# Read data and data processing

In [291]:
from sklearn.utils import check_array
def mean_absolute_percentage_error(y_true, y_pred): 
    #y_true, y_pred = check_array(y_true, y_pred)

    return np.mean(np.abs((y_true - y_pred) / y_true)) * 100

In [292]:
import pandas as pd
tochi_train = pd.read_csv('../data/train_genba.tsv', sep='\t')
build_train = pd.read_csv('../data/train_goto.tsv', sep='\t')
train = pd.merge(tochi_train, build_train, on="pj_no")

tochi_test = pd.read_csv('../data/test_genba.tsv', sep='\t')
build_test = pd.read_csv('../data/test_goto.tsv', sep='\t')
test = pd.merge(tochi_test, build_test, on="pj_no")

print ("Train: 販売数は",train.shape[0],"件、特徴量は",train.shape[1],"個。
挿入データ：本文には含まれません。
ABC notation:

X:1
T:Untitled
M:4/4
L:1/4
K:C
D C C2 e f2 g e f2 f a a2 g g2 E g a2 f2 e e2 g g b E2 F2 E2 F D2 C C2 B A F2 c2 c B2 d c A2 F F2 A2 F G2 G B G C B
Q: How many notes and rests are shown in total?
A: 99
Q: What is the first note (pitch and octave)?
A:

")
print ("Test: 販売数は",test.shape[0],"件、特徴量は",test.shape[1],"個。")

first_submission = pd.DataFrame()
first_submission['id'] = test['id']

Train: 販売数は 6461 件、特徴量は 158 個。
Test: 販売数は 4273 件、特徴量は 157 個。


In [293]:
# 名前系と相関性が高いカラムはとりあえず削除
# 土地のネームバリューが出てくると思うので、名前系はあとで追加するかも

name_columns = ['bastei_nm1','bastei_nm2','chiseki_kb_hb','eki_nm1','eki_nm2','gk_chu_tm','gk_sho_tm','hy1f_date_su', \
                'hy2f_date_su','mseki_yt_hb','tc_mseki','yoseki2','id']
train.drop(name_columns, axis=1, inplace=True)
test.drop(name_columns, axis=1, inplace=True)
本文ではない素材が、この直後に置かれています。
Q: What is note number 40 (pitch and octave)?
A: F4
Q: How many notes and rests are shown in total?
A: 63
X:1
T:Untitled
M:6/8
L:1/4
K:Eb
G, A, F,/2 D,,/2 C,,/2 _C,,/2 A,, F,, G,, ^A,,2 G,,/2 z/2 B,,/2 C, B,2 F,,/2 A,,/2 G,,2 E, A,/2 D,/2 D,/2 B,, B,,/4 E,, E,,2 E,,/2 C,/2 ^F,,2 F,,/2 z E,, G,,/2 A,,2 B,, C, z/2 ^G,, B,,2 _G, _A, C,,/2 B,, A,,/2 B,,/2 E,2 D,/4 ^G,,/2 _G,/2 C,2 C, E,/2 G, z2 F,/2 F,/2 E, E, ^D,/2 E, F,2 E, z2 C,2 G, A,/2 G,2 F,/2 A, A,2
y_train = train['keiyaku_pr']

In [294]:
# カテゴリ系コラムにある「無」に値を振り分けたり、変換ミスに対処したり、マルバツからBooleanに変換

import numpy as np

train['fi3m_yohi'].replace('（無）','（不要）',inplace=True)
train['hiatari'].fillna('普通', inplace=True)
train['kborjs'].replace('公募','公簿',inplace=True)
test['fi3m_yohi'].replace('（無）','（不要）',inplace=True)
test['hiatari'].fillna('普通', inplace=True)
test['kborjs'].replace('公募','公簿',inplace=True)
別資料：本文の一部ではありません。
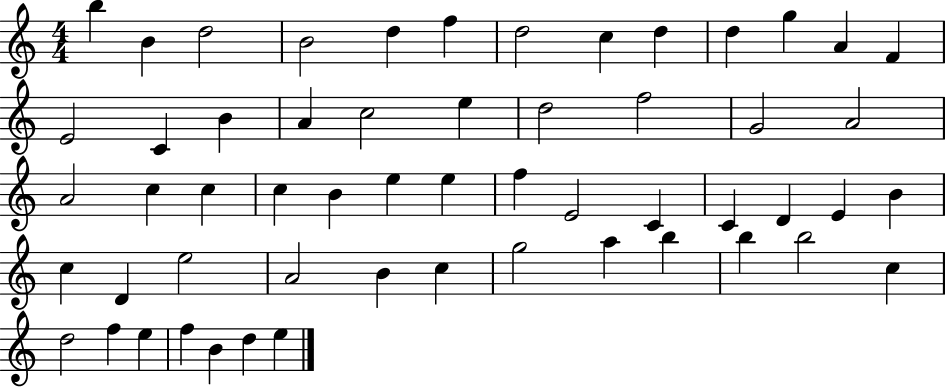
X:1
T:Untitled
M:4/4
L:1/4
K:C
b B d2 B2 d f d2 c d d g A F E2 C B A c2 e d2 f2 G2 A2 A2 c c c B e e f E2 C C D E B c D e2 A2 B c g2 a b b b2 c d2 f e f B d e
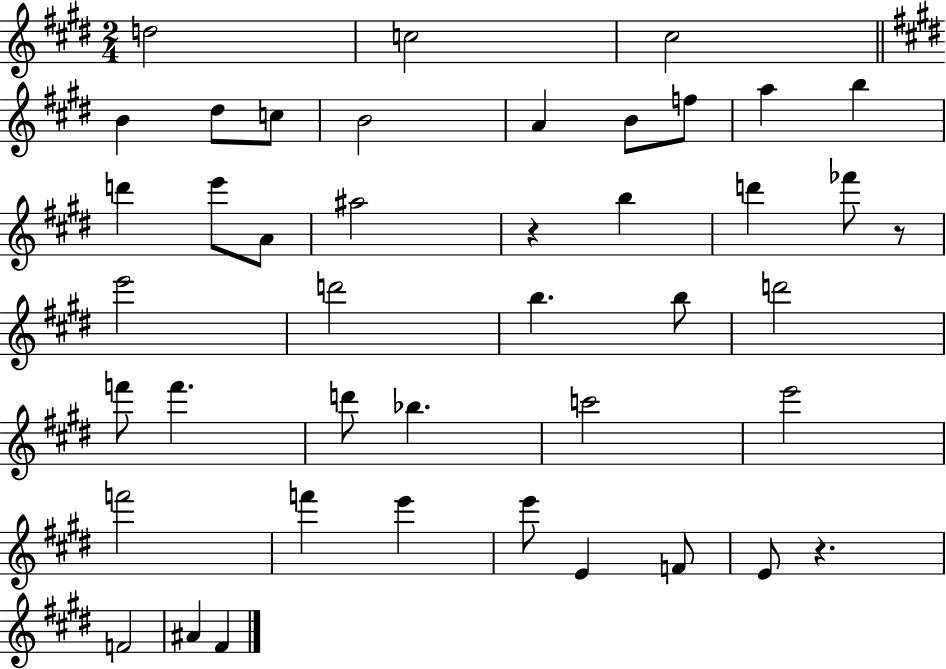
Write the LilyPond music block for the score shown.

{
  \clef treble
  \numericTimeSignature
  \time 2/4
  \key e \major
  d''2 | c''2 | cis''2 | \bar "||" \break \key e \major b'4 dis''8 c''8 | b'2 | a'4 b'8 f''8 | a''4 b''4 | \break d'''4 e'''8 a'8 | ais''2 | r4 b''4 | d'''4 fes'''8 r8 | \break e'''2 | d'''2 | b''4. b''8 | d'''2 | \break f'''8 f'''4. | d'''8 bes''4. | c'''2 | e'''2 | \break f'''2 | f'''4 e'''4 | e'''8 e'4 f'8 | e'8 r4. | \break f'2 | ais'4 fis'4 | \bar "|."
}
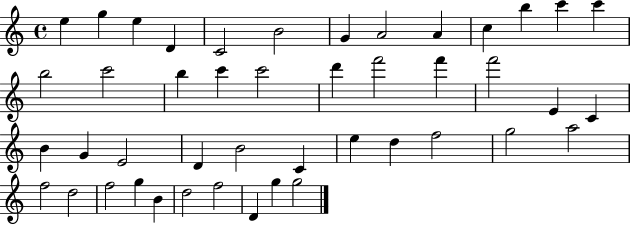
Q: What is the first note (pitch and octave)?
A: E5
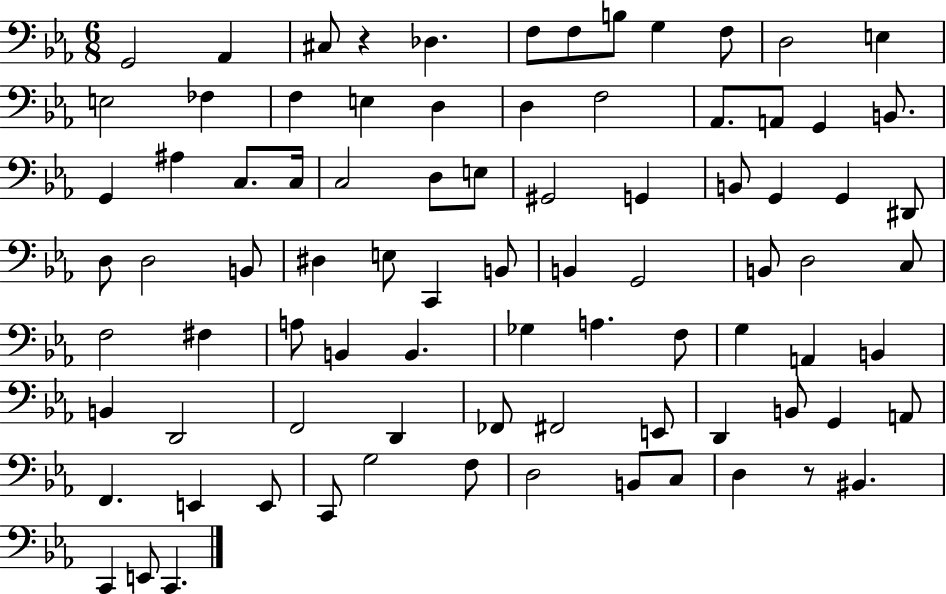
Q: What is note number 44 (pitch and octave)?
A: G2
maru_columns = ['rs_e_kdate2','rs_e_kdate3','rs_e_m_ari','rs_e_m_nashi','rs_e_parking','rs_e_tahata','rs_e_zoki', \
                'rs_n_kdate2','rs_n_kdate3','rs_n_m_ari','rs_n_m_nashi','rs_n_parking','rs_n_tahata','rs_n_zoki', \
                'rs_s_kdate2','rs_s_kdate3','rs_s_m_ari','rs_s_m_nashi','rs_s_parking','rs_s_tahata','rs_s_zoki', \
                'rs_w_kdate2','rs_w_kdate3','rs_w_m_ari','rs_w_m_nashi','rs_w_parking','rs_w_tahata','rs_w_zoki', \
                'sho_conv','sho_market','sho_shoten','sho_super','shu_bochi','shu_factory','shu_highway', \
                'shu_hvline','shu_jutaku','shu_kaido','shu_kokyo','shu_line_ari','shu_line_nashi','shu_park', \
                'shu_shop','shu_sogi','shu_soon','shu_tower','shu_zoki']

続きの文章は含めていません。